In entrambi i casi la strategia di contenimento è stata e continua ad essere la medesima: "Le attività, che sono state condivise anche con la Comunità Europea, prevedono di identificare l'area di massima circolazione e andare a controllare all'interno di quest'area. Nel caso di Roma (dove è stata definita zona infetta, ndr) è definita entro i confini del Grande Raccordo Anulare, di via Boccea e del fiume Tevere", ha spiegato prima di passare a descrivere la fase successiva.  "Attendiamo un paio di giorni per comprendere esattamente qual è il livello della circolazione virale e quante carcasse di animali infetti si trovano. Dopodiché, a seconda dei risultati, viene valutata una strategia da mettere in atto."

L'abbattimento degli animali

Si parla già di abbattere gli animali infetti: "Lì attorno ci sono anche allevamenti di suini, quindi viene presa in considerazione anche l'eventuale abbattimento e il depopolamento dei cinghiali infetti per evitare che possano trasmettere la malattia ad altri ungulati o alla specie domestica – ha spiegato – Non vogliamo che non ci sia un ulteriore ampliamento della malattia ad altri cinghiali soprattutto se questi sono al di fuori della zona rossa."

Nella città di Roma, da quando è stato rinvenuta la carcassa di cinghiale infetto, il protocollo è subito partito: "Stiamo valutando quale possa essere la strategia nell'area romana. Forse già nelle prossime ore potremmo essere giunti ad una conclusione."

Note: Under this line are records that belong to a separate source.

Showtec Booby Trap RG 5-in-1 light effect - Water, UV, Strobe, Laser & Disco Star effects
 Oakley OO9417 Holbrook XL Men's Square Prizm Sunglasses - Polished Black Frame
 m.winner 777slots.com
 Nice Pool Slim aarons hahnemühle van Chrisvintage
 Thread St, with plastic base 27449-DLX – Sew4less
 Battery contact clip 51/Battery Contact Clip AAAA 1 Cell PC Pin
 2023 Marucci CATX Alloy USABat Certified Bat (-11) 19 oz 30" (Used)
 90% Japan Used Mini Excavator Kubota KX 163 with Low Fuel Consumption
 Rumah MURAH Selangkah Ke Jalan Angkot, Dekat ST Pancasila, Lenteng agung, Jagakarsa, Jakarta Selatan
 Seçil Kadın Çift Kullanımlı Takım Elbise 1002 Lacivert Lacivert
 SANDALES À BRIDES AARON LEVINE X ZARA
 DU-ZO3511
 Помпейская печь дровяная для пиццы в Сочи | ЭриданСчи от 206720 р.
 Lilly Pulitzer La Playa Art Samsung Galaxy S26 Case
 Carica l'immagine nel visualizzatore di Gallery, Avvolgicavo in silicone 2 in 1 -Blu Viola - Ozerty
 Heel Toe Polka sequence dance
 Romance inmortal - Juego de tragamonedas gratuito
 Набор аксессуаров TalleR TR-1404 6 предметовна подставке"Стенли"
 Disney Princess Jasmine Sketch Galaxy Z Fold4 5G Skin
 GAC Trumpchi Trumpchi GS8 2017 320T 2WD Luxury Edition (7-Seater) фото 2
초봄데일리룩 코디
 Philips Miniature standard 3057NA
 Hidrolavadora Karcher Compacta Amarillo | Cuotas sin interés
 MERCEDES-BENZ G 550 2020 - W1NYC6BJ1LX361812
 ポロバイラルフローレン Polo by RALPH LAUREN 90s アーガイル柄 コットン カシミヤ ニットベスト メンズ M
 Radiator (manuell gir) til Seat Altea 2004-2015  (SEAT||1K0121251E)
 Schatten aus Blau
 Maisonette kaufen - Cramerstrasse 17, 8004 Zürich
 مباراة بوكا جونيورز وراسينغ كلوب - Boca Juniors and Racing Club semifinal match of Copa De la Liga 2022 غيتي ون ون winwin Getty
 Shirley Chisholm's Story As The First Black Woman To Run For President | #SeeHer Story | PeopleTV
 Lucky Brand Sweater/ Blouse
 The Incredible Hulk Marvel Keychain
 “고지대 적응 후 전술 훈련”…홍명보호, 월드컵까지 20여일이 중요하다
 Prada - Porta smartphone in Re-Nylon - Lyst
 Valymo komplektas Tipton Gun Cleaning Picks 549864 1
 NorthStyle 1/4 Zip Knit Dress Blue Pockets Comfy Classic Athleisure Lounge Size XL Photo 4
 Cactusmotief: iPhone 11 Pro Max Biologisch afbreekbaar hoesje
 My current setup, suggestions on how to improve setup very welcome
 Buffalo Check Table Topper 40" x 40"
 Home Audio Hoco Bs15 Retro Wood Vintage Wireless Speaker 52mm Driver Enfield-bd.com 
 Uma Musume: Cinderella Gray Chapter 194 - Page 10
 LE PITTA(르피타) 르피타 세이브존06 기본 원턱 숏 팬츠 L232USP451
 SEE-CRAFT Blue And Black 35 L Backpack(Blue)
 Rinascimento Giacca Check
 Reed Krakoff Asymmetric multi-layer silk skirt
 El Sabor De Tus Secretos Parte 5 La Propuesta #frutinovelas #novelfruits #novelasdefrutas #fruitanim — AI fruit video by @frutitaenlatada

L'alternativa all'abbattimento dei cinghiali

Quella dell'abbattimento appare come una scelta drastica e già sta facendo molto discutere: esistono altre soluzioni? "Sostanzialmente non ci sono alternative all'abbattimento – ha spiegato il dottor Ferrari – C'è una malattia infettiva che può provocare il tracollo del mercato suinicolo nazionale e che provoca nei confronti dei suini o dei cinghiali colpiti una morte atroce, con emorragie interne: la situazione sanitaria veramente a rischio e pensare di eradicare la peste suina da un territorio senza procedere ad un abbattimento selettivo, di un certo numero di cinghiali, non risulta possibile." A questo, come ha precisato, occorre ricordare che la peste suina ha un tasso di mortalità quasi del 100% degli animali e ancora oggi non esistono cure né vaccini per gli animali infetti.

Le conseguenze sull'economia

Per le persone non esiste alcun pericolo. Il virus non si diffonde fra gli umani né fra altre specie, eppure si stanno già facendo sentire le conseguenze di questa malattia dal punto di vista economico: la peste suina africana potrebbe provocare forti danni nel mercato suinicolo.

"Il pericolo di avere in circolazione carne infetta è quello di infettare altri animali perché il virus è molto resistente, perdura nel tempo, nei salumi resta anche 6 mesi o un anno: ciò che vogliamo evitare è che ci sia una diffusione della malattia – poi ha aggiunto – Le ripercussioni economiche ci sono già oggi: Paesi come la Cina, la Corea e il Giappone hanno già bloccato l'export di tutti i prodotti di origine suina italiana: se passasse agli allevamenti suini dovremmo abbattere tutti i suini. Si tratta di una delle malattie più gravi per il mondo produttivo dei suinicoltori."

Come è arrivata a Roma la peste suina africana

Non sono ancora chiare le modalità con cui questa malattia ha raggiunto la capitale: "Ci sono indagini in corso, non è detto che sia arrivata da Piemonte e Liguria. Le segnalazioni non sono ancora terminate, nei prossimi giorni si avranno più informazioni: potrebbe trattarsi di un focolaio primario non in connessione con quello piemontese e ligure."

Cinghiali a Roma, un problema preesistente

Già prima che nascesse questo focolaio di peste suina africana, Roma aveva un piano per i cinghiali: i due progetti sono paralleli, eppure le informazioni raccolte negli scorsi mesi si sono rivelate utili anche per il nuovo piano emergenziale. "Ho avuto già contatti e proprio nella zona direttamente coinvolta ci sono dei dati estremamente importati che derivano da un'attività pregressa negli anni precedenti che ci mette nelle condizioni di lavorare nel miglior modo possibile."